Он быстро вошел в кабинет, в котором я его ожидал, сбросил резким движением легкое пальто и бросил:

— Я просил бы вас принять участие в очень важном и интересном деле. Мы пишем истории уже существующих заводов, имеющих ее. А в Москве, у нас под носом, творится история, которую нужно схватить за хвост и зафиксировать на ходу, на лету. Это рождение метро. Там уже что-то делается, но мы хотим послать вас туда своим представителем, для помощи. Соглашайтесь! Это — большое общественное дело. История метро должна быть и рычагом в борьбе за метро. Бригадиры и отдельные ударники должны бороться за право быть упомянутыми в ее анналах, а отстающие должны бояться попасть в нее как срывщики. Соглашайтесь. Не пожалеете!

Я согласился и — скажу, забегая вперед, — очень пожалел потом об этом, настолько это была тягостная и бесплодная история.

По идее все так и должно было бы быть, как нарисовал Авербах, — как широкое общественное дело, возглавляемое партийной организацией и осуществляемое специальной редакцией «Истории метро» с большим штатом и, кажется, неограниченными средствами. Она должна была организовать всю предварительную, подготовительную работу — отмечать и фиксировать наиболее важные и интересные этапы и аспекты работы, процессы, случаи, детали, изучать людей, особенно отличившихся на производстве, — одним словом, собирать материал, на основе которого кем-то и когда-то должна быть написана история этого уникального по тому времени строительства.

Вот этой подготовительной работой, организацией бесед, дневников, рассказов инженеров и рабочих, я и занялся в качестве так называемого литконсультанта.

Откровенно сказать, у меня была надежда, даже уверенность, что в конце концов я приму какое-то участие и в этой завершающей стадии — написании самой истории метро, но пока со мной об этом никто не заговаривал, а я считал и участие в подготовительной работе очень важным и интересным делом.

Замах был широкий — с большим специальным штатом, совещаниями в МК партии, с участием больших людей, со множеством торжественных собраний и других пышных мероприятий, вроде выставки скороиспеченных картин, посвященных метро. Но не было главного — и это я считаю основной ошибкой замысла, — не было тех, для кого готовился весь этот материал, кто будет обобщать его и писать саму реальную историю метро, и вообще не было ни плана, ни направляющей идеи и воли.

Авербах вскоре исчез вслед за Киршоном. Главную редакцию «Истории заводов» возглавил тогда Тихонов-Серебров, личный друг А. М. Горького, культурный, хороший, но пожилой уже и слишком мягкий человек, не сумевший понять то, что творилось в редакции «Истории метро». А там воцарился дух ее ответственного секретаря Кулагина, лживого, подлого и самовластного человека, погубившего все дело.


Отдался я этому делу со всей непосредственностью и страстью, потому что оно было действительно грандиозно и действительно увлекло меня.

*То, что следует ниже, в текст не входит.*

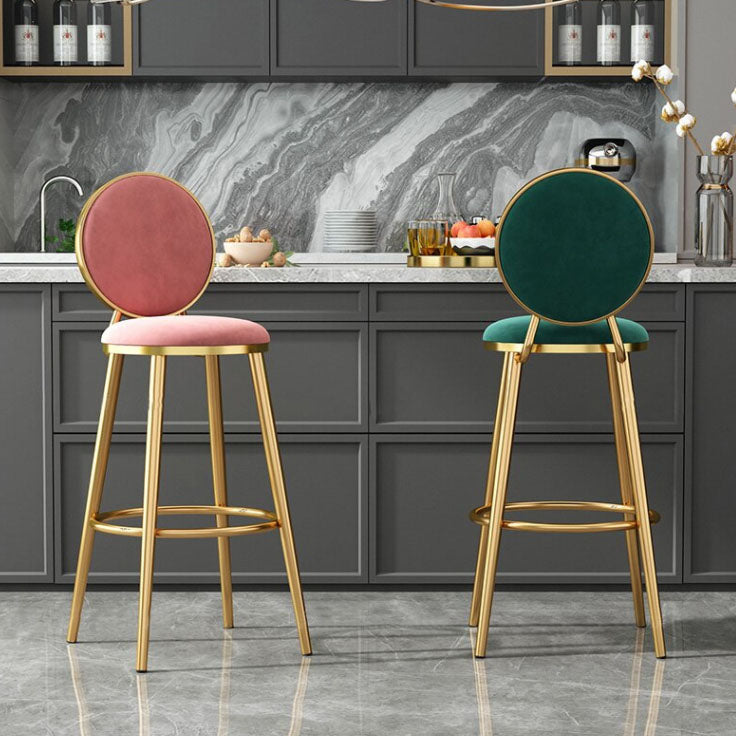 Glam Velvet Bar Stool Low Back Footrest Round Indoor Counter and Bar Stool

Это — одно. Другое: дневник как литературный жанр, и не просто дневник — это не ново, — а массовое и организованное ведение дневников как накопление огромного жизненного опыта масс, — в этом есть и идея и проблема. А умение систематически ежедневно отчитываться перед самим собой в проделанной работе, способность анализировать свой рабочий день, проверять его загрузку — разве это не фактор общекультурного значения?

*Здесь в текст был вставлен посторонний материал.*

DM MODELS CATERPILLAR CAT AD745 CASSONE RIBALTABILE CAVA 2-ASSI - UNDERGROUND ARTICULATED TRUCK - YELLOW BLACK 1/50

Так я понимал свою задачу рабочей пчелки, собирающей нектар с буйно расцветающей вокруг меня жизни. Я даже не ставил перед собой вопроса о конечной цели — она была для меня светла и возвышенна: история метро. Светло и возвышенно рисовалось мне и будущее, к которому приведет осуществление этой цели.

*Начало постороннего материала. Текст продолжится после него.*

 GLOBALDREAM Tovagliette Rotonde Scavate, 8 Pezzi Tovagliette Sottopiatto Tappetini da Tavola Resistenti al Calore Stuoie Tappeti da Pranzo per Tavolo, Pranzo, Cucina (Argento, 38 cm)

Вот приходит ко мне молодой человек и приносит свою повесть о том, каким будет метро и что это значит. «Лестница-чудесница»… «Вы ступаете на первую ступеньку, и все. Она вас поднимает или спускает глубоко под землю. Если вы неаккуратно или неудачно встали, она поправит вас, подвинет вашу ногу… Вы стоите на платформе, ожидаете поезда, и воздушная волна, создаваемая им, вас освежает, и вы не чувствуете никакой подземной затхлости, хотя над вами двадцатиметровая толща земли».

Примерно так были описаны будущие прелести того, чего мы теперь не замечаем, пробегая по ступенькам эскалатора.

А это на самом деле было великолепно и захватывающе по сравнению с тем, что творилось тогда на улицах Москвы.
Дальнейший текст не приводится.